Après la cuisson, on procède au grainage. Cela consiste à insérer des grains de sucre déjà formés pour provoquer la formation de cristaux. En général ces petits cristaux insérés ne font que grossir, donc on obtient le même nombre final de cristaux que celui de cristaux versés dans le sirop.
Comme des cristaux se forment, la concentration de l’eau mère baisse. Il faut alors continuellement alimenter la chaudière en sirop et évaporer sous vide de façon à ce que des cristaux se forment tout le temps.
Au bout d’un certain temps, la vitesse de cristallisation baisse et la chaudière se remplit. Une fois la chaudière pleine, on poursuit avec le serrage. On arrête l’alimentation en sirop, mais on continue de chauffer, et du coup d’évaporer. Ainsi on évapore l’eau en excès, réduisant l’eau mère.
On vide ensuite les cuites, puis on les lave avec de l’eau chaude. Ce cycle de cristallisation dure entre 2 et 5 heures, en fonction du nombre de cristaux formés et de leur pureté.

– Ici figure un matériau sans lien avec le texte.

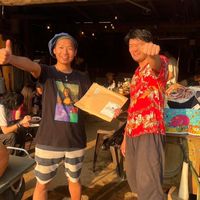 新年ピザパーティー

Après cette première étape vient le malaxage. La masse cuite sort des chaudières étant à 75-85°C et elle est acheminée vers un “bac de malaxage” où elle est régulièrement agitée. Cela permet le refroidissement ainsi que la fin de croissance des cristaux pendant environ une heure.
Cristal de sucre
Malaxage
Enfin, la centrifugation est l’étape finale de la cristallisation. La masse cuite est progressivement transférée dans une centrifugeuse ou turbine tournant à faible vitesse, de façon à la répartir sur le tamis sur une épaisseur de 14 à 18cm. Ensuite la turbine accélère jusqu’à 1500 tr/min, n’étant qu’à 200 tr/min, pour évacuer le restant d’eau mère. Ces égouts seront les égouts pauvres. Après on ajoute de l’eau chaude puis de la vapeur afin de laver et sécher les cristaux. Les égouts obtenus à travers cela constituent les égouts riches, car ils sont d’une grande pureté. L’essoreuse ralentit alors de nouveau à 200 tr/min et le sucre, contenant moins de 1% d’eau, est raclé sur un tapis vibrant.
La notion des jets:
Les trois jets sont tous constitués des trois étapes ci-dessus mais chacun est d’une pureté différente. Le sirop devient de moins en moins pur plus on en extrait le sucre, car on forme des cristaux mais il reste alors toutes le impuretés dans un liquide moins sucré. De plus, plus un sirop est impur, plus il cristallise lentement car sa viscosité augmente, ralentissant ou même empêchant les molécules de saccharose de se déposer sur la surface du cristal.
Le premier jet est le plus pur, et du coup le plus rapide, durant de deux à trois heures. Pour celui-ci, on utilise le sirop qui vient droit de l’étape d’évaporation, d’une pureté d’environ 94-95. On produit avec ce jet le sucre le plus pur possible, supérieur ou égal à 99,9 de pureté, c’est le sucre blanc marchand.
Le deuxième jet procède de la même façon que le premier, sauf qu’il est moins pur car il commence avec les égouts du premier jet, d’une pureté de 86-88. Son sucre sera produit en 3-4 heures et sera plus coloré et cendré que celui du premier jet. Généralement, il est refondu et mélangé au sirop de l’évaporation, intégrant le premier jet.
Le troisième jet se passe différemment des deux premiers. Il débute avec un sirop de pureté 76-78 et a pour but de produire un sucre de basse qualité, donc le procédé est très lent. L’étape de cristallisation prend entre 6 et 10 heures, le malaxage une soixantaine d’heures! Le malaxage et si long car on essaie d’obtenir une mélasse, ou égout du troisième jet, la moins pur possible, d’environ 58. A la fin du troisième jet on obtient du sucre roux d’une pureté de 94-95. Il sera raffiné et refondu de la même façon que celui issu du deuxième jet pour faire partie du sirop du premier jet.
Les égouts issus du troisième jet, appelés mélasse, contiennent la moitié de leur poids en sucre. La mélasse a de nombreuses utilisations, dont notamment la production d’alcool, des levures boulangères, et dans l’alimentation animale.